При этом понятно, что природа подчиняется определенной цикличности, что с мягкой — в случае Средиземноморья — неумолимостью всё вращается по некоему природному кругу. Но поскольку это вращение является мягким и относительно доброжелательным по отношению к человеку, то почему бы и не вращаться вместе с природой от зимы к весне, от весны к лету, от лета к осени, от осени снова к зиме. Ничего особо страшного в этом нет. Каждое из времен года дарит свои возможности, радует своими красотами и не сулит человеку никаких особых бедствий.
И, казалось бы, нет ничего худого в том, чтобы вместе с природой вращаться так, как это описано и древними поэтами, и тем же Ницше, с чьих откровений по поводу так называемого вечного возвращения я начал обсуждение судьбы гуманизма в XXI столетии. Тогда же я обратил внимание читателя на то, что эти достаточно далекоидущие и отнюдь не только сентиментальные откровения Ницше поразительным образом перекликаются со странной советской песней «Я люблю тебя, жизнь», в которой тоже речь идет о том, что народятся дети, потом внуки и «всё опять повторится сначала».
Почитание различных природных круговращений характерно для античного язычества. И хочешь не хочешь, но такое почитание обязательно низведется в итоге к культу Великой Матери Природы. То есть, по большому счету, к культу всё той же самой Кибелы в различных его — как средиземноморских, так и иных — причудливых модификациях.
Почему же этот культ обязательно должен тем или иным образом обнаруживать в себе некую темную «Кибелину сердцевину», она же — то поклонение Темной Великой Матери, которое подробно рассматривал Эрих Нойманн, этот своеобразный последователь Карла Юнга, с оригинальными построениями которого я заблаговременно ознакомил читателя именно в расчете на то, что сейчас хочу обсудить? Потому что человек очень сильно оторвался от природы. И вернуться в нее, слившись со сколь угодно благолепной, но всё равно чуждой ему природой, человек не может полностью. Наблюдая за природными круговращениями, человек обязательно задастся вопросом о том, что находится в сердцевине этих круговращений. Он на то и человек, чтобы задаваться такими вопросами. А задаваясь ими — начать запрыгивать в эту самую сердцевину.

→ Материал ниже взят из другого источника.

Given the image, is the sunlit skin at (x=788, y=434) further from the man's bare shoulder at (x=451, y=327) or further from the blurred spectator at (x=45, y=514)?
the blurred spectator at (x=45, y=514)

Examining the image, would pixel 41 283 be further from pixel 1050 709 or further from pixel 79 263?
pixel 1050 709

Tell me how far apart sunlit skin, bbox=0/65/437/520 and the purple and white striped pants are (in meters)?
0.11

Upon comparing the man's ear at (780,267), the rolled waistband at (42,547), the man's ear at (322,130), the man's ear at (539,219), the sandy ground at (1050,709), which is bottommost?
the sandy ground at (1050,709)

С тем, как это делается, я ознакомил читателя опять же в самом начале своей работы, подробно процитировав «Волшебную гору» Томаса Манна. Конкретно — сон главного героя Ганса Касторпа. В этом сне герою снится невероятно благостный античный греческий мир, в котором красивые люди и спортом занимаются, и гимны слагают, и передают свои светлые традиции детям. Но продолжая двигаться с этой благолепной периферии в тайную сердцевину того же античного мира, Ганс Касторп обнаруживает безобразных старух, которые свирепо людоедствуют в тайном храме, разрывая на части ребенка и отвратительно ругаясь в адрес нежданного гостя, посетившего храм. Причем ругаются они на родном для Касторпа немецком языке.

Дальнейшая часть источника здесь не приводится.